Monday, May 25, 2015

Happy Memorial Day

Just spoke with a neighbor who lives at 60 Clarkson Avenue, you know, THE 60 Clarkson. She has six kids, she's juggling nursing school. The oldest ones are now in middle school and handle themselves nicely. Lots of help they are, really. Grown up real fast. They're doing okay. Living in a de facto homeless shelter. Doing okay, for now.

But she just told me a new family moved in Friday night. Mom, two kids, 4 and 6. She's a domestic abuse case, so she's not in the "system" yet to get her W.I.C. card. She came from intake in the Bronx with nothing. Nothing. As in nothing. Other homeless families in the building are sharing with her what they can. No sheets. No towels. No food.

Nothing. It might as well be a refugee camp somewhere on the other side of the world.

We're going to the grocery to pick up a few basics and drop them off. The system will kick in a couple days, one hopes. This story gets played out a thousand times a week in this, the richest City on the planet. And on this, a block with houses north of $1.5 million, the difference between haves vs have-nots could not be more stark.

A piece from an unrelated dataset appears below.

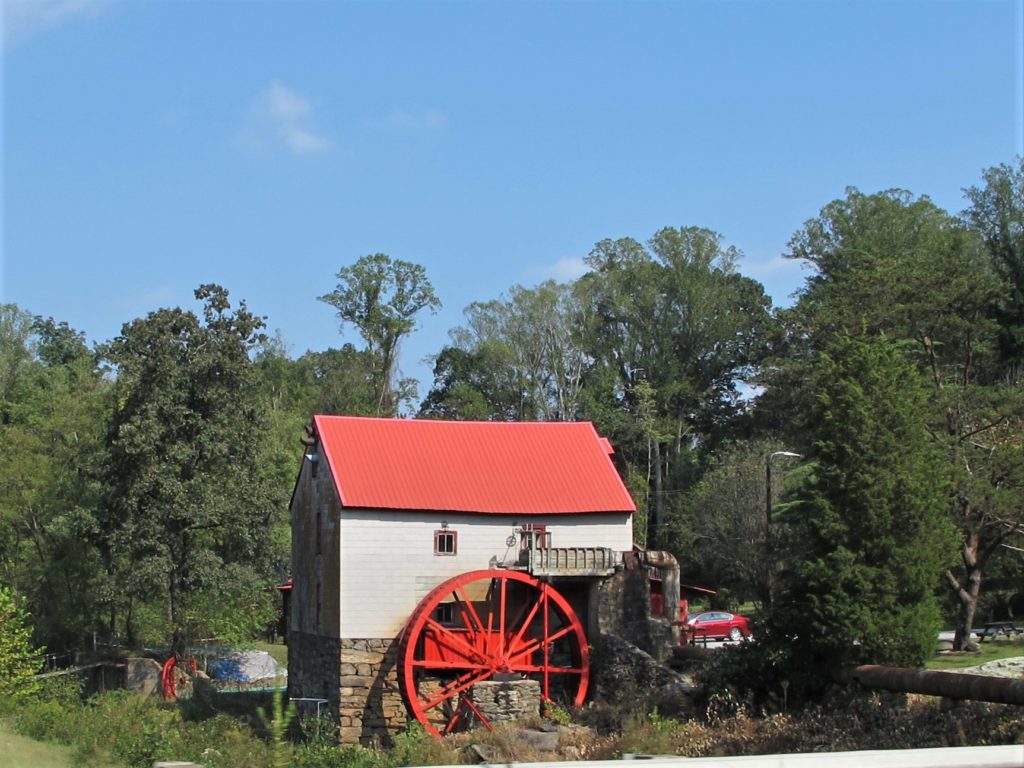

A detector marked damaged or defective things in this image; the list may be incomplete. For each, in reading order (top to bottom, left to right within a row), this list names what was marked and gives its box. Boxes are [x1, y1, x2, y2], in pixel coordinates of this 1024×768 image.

rusty metal pipe [835, 663, 1024, 708]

Note to the fallen heroes who fought for the nation:

We're still working on it.


13 comments:

Anonymous said...

The biggest difference between the "haves" and "have nots" is whether one values an intact family, children in wedlock, and self reliance. Those that do almost always have a decent quality of life. Those who don't, won't.

You can characterize this as "Horatio Alger" all you want, but every rigorous study shows that the best predictor of social pathology and poverty is growing up in a fractured family. If you follow the affluent, you will recognize a pattern of growing up with Mom and Dad, and Mom and/or Dad working. Yes there are "trust fund babies" --but the far more prevalent model of affluence is an intact family, education and hard work.

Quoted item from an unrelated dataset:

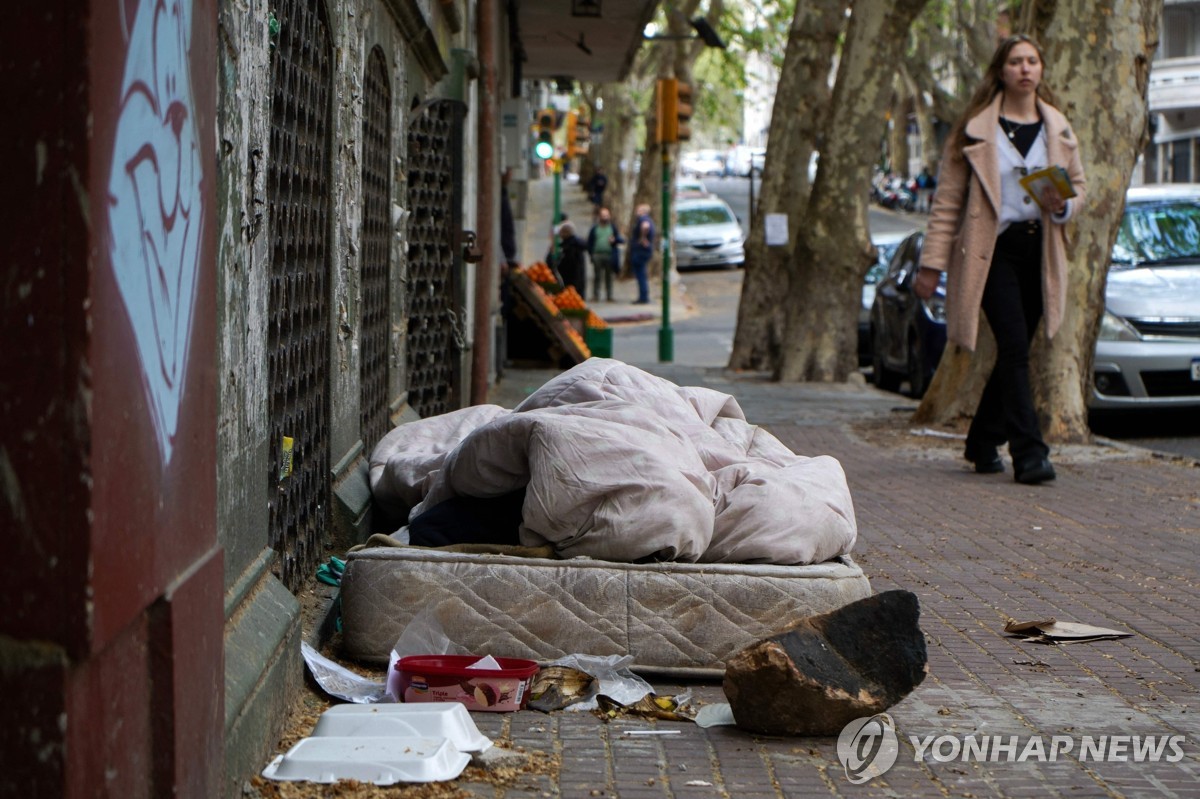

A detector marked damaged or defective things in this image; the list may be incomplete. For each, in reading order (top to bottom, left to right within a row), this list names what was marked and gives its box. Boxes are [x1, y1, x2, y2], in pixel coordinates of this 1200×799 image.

broken concrete chunk [720, 587, 926, 729]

There is a limit to what "we" (the collective) can do. Surely we need to provide a safety net to everyone. But deriding the successful is not the way to help the truly poor. To the extent "we" (the collective) want to help with more than a handout today, "we" need to do everything we can to promote intact families. The rest, in my opinion, is just rearranging the deck chairs on the Titanic (at great expense).

Curious27 said...

It's truly a shameful state of affairs when the system can barely bring crumbs to the poorest while continuing to inflate the pockets of the wealthiest. I wonder how many families placed in these shelters are victims of landlords looking to get folks out for a lousy rent increase? If one thing is for sure, the inability to pay rent (and for food, sheets, towels, etc) is not about a desire to do so, but having the means to, and that is something we should work to rectify. Not that I'm saying redistribute wealth, but I mean, it's gotta come from somewhere.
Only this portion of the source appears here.